- 原題:La tour Eiffel
- 作者:アンリ・ルソー
- 制作:1898年
- 寸法:52.4 × 77.2 cm
- 技法:油彩、カンヴァス
- 所蔵:ヒューストン美術館(アメリカ)
アンリ・ルソーが税関を退職し、年金生活を送りながら本格的に絵を描いていた風景画。パリの街を愛し、特にエッフェル塔を好んで描いた。
ルソーにとってエッフェル塔は近代化の象徴でも、誇らしい国家の記念碑でもなかった。絵の中では、塔はあくまで風景の一部であり、煙突のように素朴な形で描かれている。主役は塔ではなく、空と川、そしてそこに流れる時間そのものだった。

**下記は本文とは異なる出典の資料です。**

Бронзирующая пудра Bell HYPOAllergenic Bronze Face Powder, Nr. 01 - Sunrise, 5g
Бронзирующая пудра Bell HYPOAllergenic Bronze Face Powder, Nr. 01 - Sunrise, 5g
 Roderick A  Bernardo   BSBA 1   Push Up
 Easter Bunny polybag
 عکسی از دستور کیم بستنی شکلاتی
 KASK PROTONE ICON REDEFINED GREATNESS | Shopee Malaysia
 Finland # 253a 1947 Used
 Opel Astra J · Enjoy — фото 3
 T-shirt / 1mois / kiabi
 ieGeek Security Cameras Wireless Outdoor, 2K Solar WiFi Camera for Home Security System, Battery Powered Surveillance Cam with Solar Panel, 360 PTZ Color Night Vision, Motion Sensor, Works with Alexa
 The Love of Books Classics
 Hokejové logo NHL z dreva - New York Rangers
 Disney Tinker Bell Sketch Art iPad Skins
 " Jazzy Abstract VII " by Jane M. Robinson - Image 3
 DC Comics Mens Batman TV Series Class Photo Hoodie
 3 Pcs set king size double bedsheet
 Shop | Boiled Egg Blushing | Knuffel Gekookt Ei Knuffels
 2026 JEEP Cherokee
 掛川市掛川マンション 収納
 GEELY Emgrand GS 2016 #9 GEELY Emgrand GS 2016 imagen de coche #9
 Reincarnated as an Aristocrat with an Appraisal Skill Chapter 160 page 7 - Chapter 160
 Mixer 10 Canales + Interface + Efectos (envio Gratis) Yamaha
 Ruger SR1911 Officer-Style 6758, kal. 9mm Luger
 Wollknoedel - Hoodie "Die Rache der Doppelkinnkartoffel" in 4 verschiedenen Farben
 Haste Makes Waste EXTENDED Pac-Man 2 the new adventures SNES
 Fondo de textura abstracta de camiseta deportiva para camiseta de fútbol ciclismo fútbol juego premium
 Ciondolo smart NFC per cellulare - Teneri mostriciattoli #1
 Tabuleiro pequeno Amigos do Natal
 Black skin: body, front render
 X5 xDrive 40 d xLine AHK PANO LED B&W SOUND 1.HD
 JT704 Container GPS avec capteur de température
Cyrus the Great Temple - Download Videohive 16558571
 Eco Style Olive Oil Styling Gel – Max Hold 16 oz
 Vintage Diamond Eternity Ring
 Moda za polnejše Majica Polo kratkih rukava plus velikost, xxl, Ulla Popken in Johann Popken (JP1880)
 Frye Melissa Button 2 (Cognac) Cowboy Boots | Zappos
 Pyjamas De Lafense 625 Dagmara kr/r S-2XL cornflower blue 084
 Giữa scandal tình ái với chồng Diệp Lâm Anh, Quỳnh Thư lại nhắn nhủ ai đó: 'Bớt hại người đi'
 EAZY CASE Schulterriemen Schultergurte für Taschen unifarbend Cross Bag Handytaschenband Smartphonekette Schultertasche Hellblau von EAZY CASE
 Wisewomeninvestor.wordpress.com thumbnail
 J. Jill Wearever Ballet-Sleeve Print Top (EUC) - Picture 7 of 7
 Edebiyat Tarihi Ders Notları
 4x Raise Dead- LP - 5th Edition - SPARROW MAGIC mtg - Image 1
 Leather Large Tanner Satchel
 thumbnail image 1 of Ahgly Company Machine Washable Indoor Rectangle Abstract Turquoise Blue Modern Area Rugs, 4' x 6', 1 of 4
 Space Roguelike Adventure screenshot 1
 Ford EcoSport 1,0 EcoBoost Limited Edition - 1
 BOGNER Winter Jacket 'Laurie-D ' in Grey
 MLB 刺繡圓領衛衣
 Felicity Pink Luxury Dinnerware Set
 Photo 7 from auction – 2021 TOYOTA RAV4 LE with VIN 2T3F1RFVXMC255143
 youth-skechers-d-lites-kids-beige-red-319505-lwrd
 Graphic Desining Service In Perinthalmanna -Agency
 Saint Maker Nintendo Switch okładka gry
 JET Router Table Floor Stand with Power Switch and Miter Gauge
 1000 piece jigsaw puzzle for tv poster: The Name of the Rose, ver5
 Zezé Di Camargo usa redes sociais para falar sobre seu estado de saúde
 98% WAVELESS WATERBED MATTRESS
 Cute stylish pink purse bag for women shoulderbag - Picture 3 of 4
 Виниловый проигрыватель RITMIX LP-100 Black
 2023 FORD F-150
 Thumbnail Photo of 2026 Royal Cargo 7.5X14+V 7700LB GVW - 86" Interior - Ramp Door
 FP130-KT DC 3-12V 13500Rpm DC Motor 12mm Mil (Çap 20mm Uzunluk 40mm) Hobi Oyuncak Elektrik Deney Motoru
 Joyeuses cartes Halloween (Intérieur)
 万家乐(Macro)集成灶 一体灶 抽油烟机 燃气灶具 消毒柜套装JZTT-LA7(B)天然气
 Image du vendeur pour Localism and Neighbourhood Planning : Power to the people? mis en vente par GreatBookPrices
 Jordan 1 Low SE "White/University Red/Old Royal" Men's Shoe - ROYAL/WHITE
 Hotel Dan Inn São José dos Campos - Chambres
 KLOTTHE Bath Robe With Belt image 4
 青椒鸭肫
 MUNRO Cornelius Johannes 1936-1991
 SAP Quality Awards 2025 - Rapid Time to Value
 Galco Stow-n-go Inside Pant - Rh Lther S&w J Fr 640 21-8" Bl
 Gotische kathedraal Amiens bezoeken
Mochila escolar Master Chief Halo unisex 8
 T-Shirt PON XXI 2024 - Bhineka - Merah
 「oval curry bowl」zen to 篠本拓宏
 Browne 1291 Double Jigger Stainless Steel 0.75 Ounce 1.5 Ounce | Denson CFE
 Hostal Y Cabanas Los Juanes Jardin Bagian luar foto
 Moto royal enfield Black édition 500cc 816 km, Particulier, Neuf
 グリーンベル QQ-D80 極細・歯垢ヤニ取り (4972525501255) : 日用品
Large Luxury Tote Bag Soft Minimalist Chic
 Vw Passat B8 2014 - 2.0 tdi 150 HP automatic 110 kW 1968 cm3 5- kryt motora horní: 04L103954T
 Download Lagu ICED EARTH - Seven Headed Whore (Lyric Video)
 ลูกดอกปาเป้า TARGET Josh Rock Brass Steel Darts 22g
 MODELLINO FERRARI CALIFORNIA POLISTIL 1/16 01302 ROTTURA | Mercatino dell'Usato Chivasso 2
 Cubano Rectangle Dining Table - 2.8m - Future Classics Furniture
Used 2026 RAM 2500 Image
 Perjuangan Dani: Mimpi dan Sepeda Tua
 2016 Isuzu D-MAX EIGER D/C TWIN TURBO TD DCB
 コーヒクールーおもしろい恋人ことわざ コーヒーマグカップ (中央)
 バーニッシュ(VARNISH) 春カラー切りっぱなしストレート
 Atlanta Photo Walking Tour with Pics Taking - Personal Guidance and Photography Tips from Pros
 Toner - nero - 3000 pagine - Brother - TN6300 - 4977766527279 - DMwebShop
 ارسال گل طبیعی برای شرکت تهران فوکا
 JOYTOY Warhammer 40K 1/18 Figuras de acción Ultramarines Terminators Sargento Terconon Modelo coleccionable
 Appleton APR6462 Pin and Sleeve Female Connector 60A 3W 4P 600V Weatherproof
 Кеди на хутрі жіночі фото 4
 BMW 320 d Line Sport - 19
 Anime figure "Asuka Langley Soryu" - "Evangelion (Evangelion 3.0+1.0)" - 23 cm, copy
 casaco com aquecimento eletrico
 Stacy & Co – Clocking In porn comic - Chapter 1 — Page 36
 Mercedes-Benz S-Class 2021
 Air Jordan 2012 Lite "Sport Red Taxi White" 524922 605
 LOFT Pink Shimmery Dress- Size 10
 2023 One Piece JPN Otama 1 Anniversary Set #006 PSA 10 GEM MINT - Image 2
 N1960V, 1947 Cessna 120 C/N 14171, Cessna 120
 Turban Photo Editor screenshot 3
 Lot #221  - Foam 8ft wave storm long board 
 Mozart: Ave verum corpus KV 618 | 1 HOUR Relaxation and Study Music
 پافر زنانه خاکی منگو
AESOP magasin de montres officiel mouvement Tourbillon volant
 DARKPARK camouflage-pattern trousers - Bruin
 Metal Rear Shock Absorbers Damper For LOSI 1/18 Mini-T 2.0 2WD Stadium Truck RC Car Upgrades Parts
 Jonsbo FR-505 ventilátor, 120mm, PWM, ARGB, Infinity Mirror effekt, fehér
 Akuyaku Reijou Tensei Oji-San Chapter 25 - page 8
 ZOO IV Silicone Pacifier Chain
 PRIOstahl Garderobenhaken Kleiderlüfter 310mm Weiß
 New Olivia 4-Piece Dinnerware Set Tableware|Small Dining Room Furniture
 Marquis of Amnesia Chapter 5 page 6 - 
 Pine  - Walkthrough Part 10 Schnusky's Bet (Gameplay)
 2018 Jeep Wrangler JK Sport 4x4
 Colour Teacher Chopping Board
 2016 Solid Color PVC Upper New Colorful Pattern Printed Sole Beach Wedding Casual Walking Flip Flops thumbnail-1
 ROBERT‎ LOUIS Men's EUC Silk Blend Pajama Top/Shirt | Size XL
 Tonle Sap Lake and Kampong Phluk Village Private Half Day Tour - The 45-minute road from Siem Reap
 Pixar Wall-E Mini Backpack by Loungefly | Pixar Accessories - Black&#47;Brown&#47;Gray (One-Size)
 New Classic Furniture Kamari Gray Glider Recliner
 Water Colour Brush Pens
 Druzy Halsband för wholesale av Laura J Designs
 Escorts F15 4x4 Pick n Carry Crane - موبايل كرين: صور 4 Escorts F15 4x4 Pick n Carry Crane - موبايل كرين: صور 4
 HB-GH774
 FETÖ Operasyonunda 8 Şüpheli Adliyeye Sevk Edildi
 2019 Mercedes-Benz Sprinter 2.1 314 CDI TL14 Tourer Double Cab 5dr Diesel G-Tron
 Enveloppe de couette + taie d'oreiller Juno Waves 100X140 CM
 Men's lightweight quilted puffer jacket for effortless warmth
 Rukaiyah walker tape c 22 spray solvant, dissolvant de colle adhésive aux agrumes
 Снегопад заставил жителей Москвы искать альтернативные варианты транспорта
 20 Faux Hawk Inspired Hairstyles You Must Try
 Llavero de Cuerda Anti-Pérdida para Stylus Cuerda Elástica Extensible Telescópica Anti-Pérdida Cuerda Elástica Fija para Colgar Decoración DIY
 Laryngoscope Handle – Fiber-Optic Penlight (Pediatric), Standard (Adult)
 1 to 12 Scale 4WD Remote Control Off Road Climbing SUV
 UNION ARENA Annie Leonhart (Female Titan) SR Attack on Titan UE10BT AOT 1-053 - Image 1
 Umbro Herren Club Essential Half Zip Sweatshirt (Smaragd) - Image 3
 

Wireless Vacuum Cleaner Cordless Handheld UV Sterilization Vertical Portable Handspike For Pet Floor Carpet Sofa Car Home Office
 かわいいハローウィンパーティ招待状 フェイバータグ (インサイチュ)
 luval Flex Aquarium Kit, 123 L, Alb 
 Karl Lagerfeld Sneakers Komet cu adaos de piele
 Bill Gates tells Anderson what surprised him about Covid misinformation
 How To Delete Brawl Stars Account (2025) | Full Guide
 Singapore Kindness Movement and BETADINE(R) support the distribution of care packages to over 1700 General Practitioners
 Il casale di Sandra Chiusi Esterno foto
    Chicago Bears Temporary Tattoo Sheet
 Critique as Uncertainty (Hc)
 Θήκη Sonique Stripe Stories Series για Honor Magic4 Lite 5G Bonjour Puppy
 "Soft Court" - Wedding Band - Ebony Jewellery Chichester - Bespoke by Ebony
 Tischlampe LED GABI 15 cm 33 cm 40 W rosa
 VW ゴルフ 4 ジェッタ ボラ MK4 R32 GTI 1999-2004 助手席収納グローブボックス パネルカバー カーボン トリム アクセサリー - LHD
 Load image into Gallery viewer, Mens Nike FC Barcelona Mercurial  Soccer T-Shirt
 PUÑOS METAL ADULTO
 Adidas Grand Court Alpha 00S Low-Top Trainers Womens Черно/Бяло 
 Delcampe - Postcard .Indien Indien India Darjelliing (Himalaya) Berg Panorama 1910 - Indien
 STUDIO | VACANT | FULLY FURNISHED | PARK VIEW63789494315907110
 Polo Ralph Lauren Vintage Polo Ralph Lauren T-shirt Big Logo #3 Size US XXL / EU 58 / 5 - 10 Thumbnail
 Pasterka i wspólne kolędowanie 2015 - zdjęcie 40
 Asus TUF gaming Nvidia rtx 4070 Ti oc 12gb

この絵には、静けさの奥にある呼吸がある。ゆるやかに流れる川、両岸を縁取る木々や建物、遠くに灯る街の明かり。どれも動かないように見えて、目を凝らすと、ゆっくりと時間が進んでいる。
エッフェル塔の絵には、ルソーが「パントル・ナイーフ(素朴派)」である理由が集約されている。パリの顔であり、近代の象徴である塔を、「風景の呼吸」として描く。夕陽が川面を染め、空にオレンジと灰色の層が静かに重なる。遠くに見える塔は、都市の威厳ではなく、暮らしの明かりのひとつとして、やさしくそこに立っている。川面を進むボートは住之江競艇のように勇ましくも穏やかだ。
ルソーの風景には、喧騒や劇的な物語はない。そのかわりに「人が世界をどう見たいか」という息づかいがある。川は滑らかに光を映し、遠くの灯りは都市の鼓動のように瞬く。現実の風景ではなく、心の中のパリ。静かで、穏やかで、どこにも争いのない場所。それをルソーは、飾り気なく描き出している。
形は単純で、遠近もぎこちない。だけど、心地いい。過剰なものがない。その均衡の中に、静かな幸福が流れている。
見るほどに、この絵は「沈黙の音楽」のようだ。川は流れ、空は語らずに染まる。ルソーの絵は、想像の余白を残す。その余白の中に、我々は記憶や感情を静かに重ねていく。